Впрочем, несмотря на вызывающую автобиографичность, дилогия Дом­бровского — всего меньше мемуары «уцелевшего свидетеля злодеяний» (ФН, 358), хотя бы и отлично беллетризованные, гораздо меньше, чем «Крутой маршрут» Евгении Гинзбург или даже «Колымские рассказы» Варлама Шаламова. И это, прежде всего, потому, что пером его движут не столько ненависть к палачу и сочувствие к жертве, сколько жажда понять: как же это вышло? Во второй новелле о Шекспире он вкладывает в уста своего героя такие слова: «…В моих трагедиях короли и графы говорят о философии»34 . Вот и сам он всегда раздумывал и «говорил о философии» — о смысле и уроках истории. Жадное любопытство к императорскому Риму (и равнодушие к классической, «полисной» Греции35 ) — именно отсюда: «Повторимость идей, но не общность народа… Одни и те же причины могут породить одни и те же следствия» (ХД, 28). И Домбровский доискивается причин, порождающих ад домициановского типа, только тысячекратно страшнее, потому что укрыться от него — в отличие от I века христианской эры — не дано никому. Разумеется, в поисках этих он не одинок, и многие его мысли совпадают или перекрещиваются с раздумьями других «философствующих», скажем, Василия Гроссмана или Юрия Трифонова. Например — о тотальном страхе. «В мире сейчас ходит великий страх. Все всего боятся. Всем важно только одно: высидеть и переждать» (ФН, 91) — это Лина, возлюбленная Зыбина.
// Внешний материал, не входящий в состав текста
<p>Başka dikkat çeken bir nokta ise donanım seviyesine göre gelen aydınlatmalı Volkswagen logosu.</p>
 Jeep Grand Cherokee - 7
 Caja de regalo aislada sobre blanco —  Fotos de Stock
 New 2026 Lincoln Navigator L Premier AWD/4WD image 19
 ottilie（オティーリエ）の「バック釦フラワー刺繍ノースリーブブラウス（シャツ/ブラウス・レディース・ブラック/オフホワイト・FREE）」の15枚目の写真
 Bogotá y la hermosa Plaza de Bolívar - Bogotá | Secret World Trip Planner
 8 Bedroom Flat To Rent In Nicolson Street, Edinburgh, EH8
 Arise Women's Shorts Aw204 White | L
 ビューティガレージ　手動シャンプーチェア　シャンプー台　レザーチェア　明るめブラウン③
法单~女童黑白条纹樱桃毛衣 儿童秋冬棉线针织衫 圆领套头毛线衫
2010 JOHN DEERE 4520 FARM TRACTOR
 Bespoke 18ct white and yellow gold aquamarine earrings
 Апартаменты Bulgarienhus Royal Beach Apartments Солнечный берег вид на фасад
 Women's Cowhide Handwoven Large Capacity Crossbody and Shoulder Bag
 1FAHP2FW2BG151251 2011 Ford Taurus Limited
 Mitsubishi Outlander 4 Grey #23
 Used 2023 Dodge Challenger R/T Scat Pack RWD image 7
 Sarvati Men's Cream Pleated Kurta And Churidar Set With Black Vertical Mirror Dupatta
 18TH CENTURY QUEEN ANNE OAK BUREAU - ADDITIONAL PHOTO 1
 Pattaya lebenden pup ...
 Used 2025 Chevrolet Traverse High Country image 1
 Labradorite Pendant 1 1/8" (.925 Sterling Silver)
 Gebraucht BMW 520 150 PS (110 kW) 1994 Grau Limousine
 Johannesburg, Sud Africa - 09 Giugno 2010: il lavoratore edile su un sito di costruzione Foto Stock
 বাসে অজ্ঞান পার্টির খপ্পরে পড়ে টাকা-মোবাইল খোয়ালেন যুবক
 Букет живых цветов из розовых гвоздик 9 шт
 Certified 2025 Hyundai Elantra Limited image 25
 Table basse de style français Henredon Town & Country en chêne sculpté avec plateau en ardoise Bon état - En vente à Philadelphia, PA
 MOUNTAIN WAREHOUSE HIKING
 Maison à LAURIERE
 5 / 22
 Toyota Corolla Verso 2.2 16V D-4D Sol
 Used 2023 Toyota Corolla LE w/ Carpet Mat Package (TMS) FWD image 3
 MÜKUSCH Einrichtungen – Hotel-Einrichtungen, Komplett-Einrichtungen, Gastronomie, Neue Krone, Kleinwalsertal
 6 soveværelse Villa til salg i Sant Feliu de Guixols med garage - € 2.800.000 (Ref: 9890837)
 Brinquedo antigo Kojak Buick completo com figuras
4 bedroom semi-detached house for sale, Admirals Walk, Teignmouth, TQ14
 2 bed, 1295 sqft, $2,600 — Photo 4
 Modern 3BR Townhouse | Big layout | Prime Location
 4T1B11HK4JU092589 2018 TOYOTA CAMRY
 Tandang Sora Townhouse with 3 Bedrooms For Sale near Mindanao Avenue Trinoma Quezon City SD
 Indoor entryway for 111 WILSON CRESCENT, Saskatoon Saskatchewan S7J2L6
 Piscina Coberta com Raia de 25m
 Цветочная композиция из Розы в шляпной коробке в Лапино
А вот сам Зыбин:

 

Откуда берется страх? Не шкурный, а другой. Ведь он ни от чего не зависит. Ни от разума, ни от характера — ни от чего! Ну когда человек дорожит чем-нибудь и его пугают, что вот сейчас придут и заберут, то понятно, чего он пугается. А если он уже ничем не дорожит, тогда что? Тогда почему он боится? Чего? (ФН, 291)

 

Или — о торжествующем мещанстве как становом хребте социализма, победившего в одной стране. Но лучше сосредоточиться не на совпадениях и перекрещениях, а на том, что (как нам видится) принадлежит только, или, во всяком случае, по преимуществу Юрию Домбровскому.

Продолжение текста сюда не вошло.